(Data records)

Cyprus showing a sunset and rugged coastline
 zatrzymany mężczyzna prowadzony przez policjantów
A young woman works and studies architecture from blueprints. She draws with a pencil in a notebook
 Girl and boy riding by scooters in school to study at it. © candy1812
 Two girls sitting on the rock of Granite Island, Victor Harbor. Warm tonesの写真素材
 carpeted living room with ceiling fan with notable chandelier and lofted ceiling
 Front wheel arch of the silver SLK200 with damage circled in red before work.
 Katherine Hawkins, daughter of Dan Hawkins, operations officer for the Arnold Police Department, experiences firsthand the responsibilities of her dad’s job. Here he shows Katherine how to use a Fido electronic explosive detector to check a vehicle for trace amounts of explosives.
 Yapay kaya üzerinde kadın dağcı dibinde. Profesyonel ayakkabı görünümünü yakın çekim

▶ **Task to complete**: From the first line of the entries above to the line with "A young woman", please return every line exactly, keeping both ends.

▶ **Output for this exercise**:
Cyprus showing a sunset and rugged coastline
 zatrzymany mężczyzna prowadzony przez policjantów
A young woman works and studies architecture from blueprints. She draws with a pencil in a notebook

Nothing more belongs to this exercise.